Les huit sites sacrés sont comme des ''planètes'' autour du mont Méru symbolisées par le Chedi Luang. La distance qui les relie au Chedi Luang varie d'un site à l'autre.

Photo 4 : Phra Chao Tilokarāja, dit Tilok (1441-1487). (พระเจ้าติโลกราชะ) Une représentation en cire du monarque se trouvant au musée Inthakhin de Chiang-Mai. (Photo de 2009).

 

 

1ère étape : Wat  Inthakhin Sadü Muang.

(Adresse : 11, rue Intrawarorot - ถนน อิทวโรรส)

 

A/ Le musée du Wat Inthakhin Sadü Muang (พิพิธภัณฑ์ท้องถิ่นจังหวัดเชียงใหม่)

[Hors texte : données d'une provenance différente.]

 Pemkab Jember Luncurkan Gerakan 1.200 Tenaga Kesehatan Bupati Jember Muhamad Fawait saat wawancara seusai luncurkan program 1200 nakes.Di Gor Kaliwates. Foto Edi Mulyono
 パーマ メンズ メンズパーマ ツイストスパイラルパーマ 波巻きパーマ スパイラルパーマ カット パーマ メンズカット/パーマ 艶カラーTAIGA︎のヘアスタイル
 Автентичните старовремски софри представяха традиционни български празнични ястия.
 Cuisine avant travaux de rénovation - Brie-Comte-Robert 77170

Ce Wat possède un petit musée qui mérite une visite.

                                                   Attention :

Le musée ferme entre 12 et 14 heures – son entrée est gratuite.

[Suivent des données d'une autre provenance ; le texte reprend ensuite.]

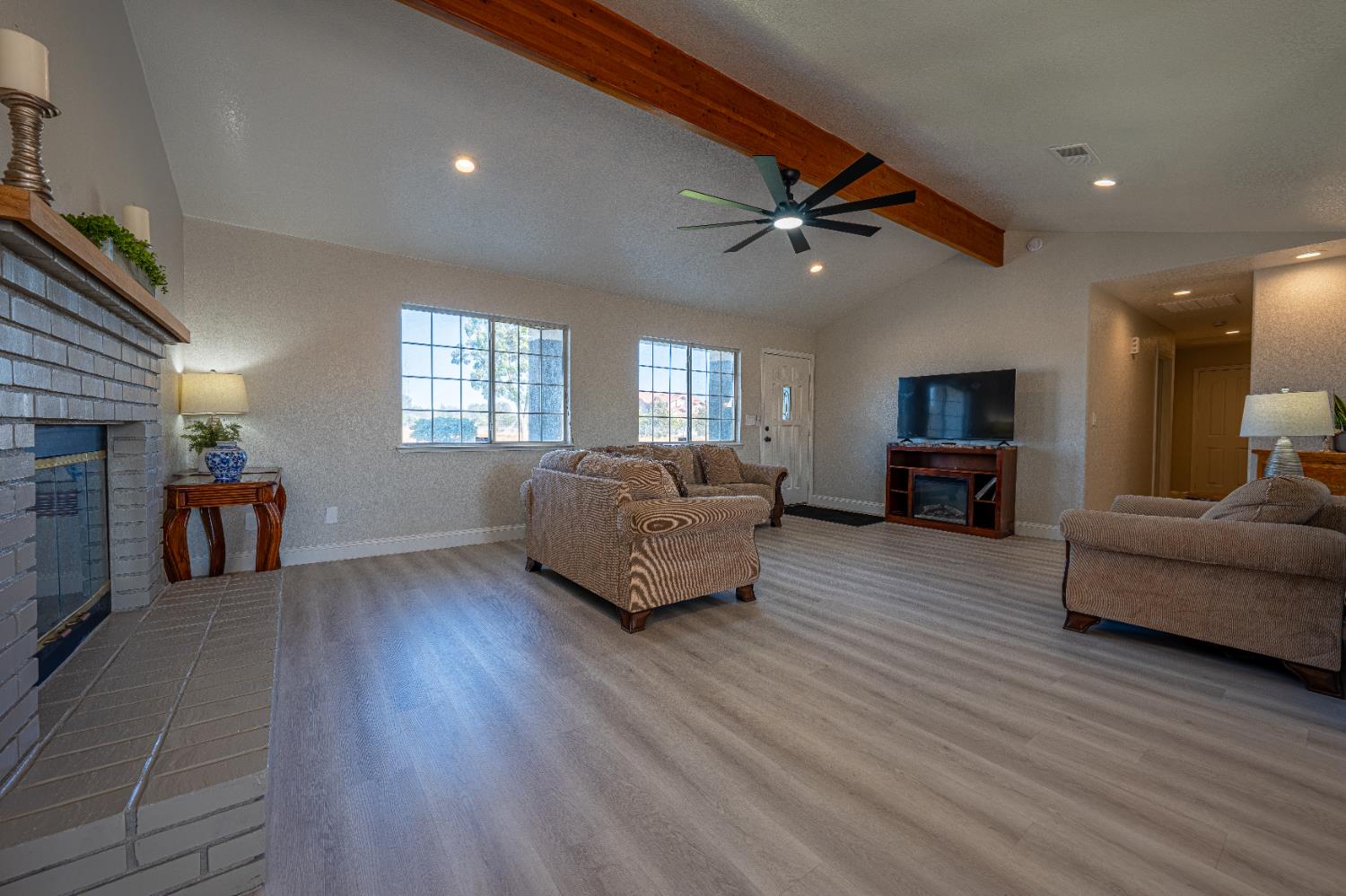 17864 Road 25, Madera, CA 93638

Cette visite permet de remonter le temps et de se familiariser avec les grandes figures du Lanna que sont Mengraï et surtout Tilokarāja. Ces Phra Chao ont, pour le premier, fondé la ville en lui donnant ses génies protecteurs et, pour Tilokarāja, contribué à l'expansion du Lanna tout en faisant bâtir dans et autour de Chiang-Maï de grands monuments comme le Wat Chet Yod et … deux gros éléphants Phuaks (*) à l'entrée de la porte Nord.

 

 

(*) Phuak est improprement traduit par blanc. Les éléphants blancs n'existent pas. Ce sont seulement des éléphants qui ont des caractéristiques albiniennes, de ce fait ils sont dits de couleur phuak, comme celle d'un légume homonyme de la région.

 

 

    

 

 

                 Quelques uns des tableaux Présentés aux visiteurs du musée. 

Photo 1 : Une tradition Shane attachée à Chiang-Maï – Le ''Poï Sang Long'' (ปอยส่างลอง) une ''fête'' lors de la quelle un jeune garçon un ''enfant de cristal'' va entrer au Wat et revêtir l'habit safran pour quelques temps. (Photo 2011)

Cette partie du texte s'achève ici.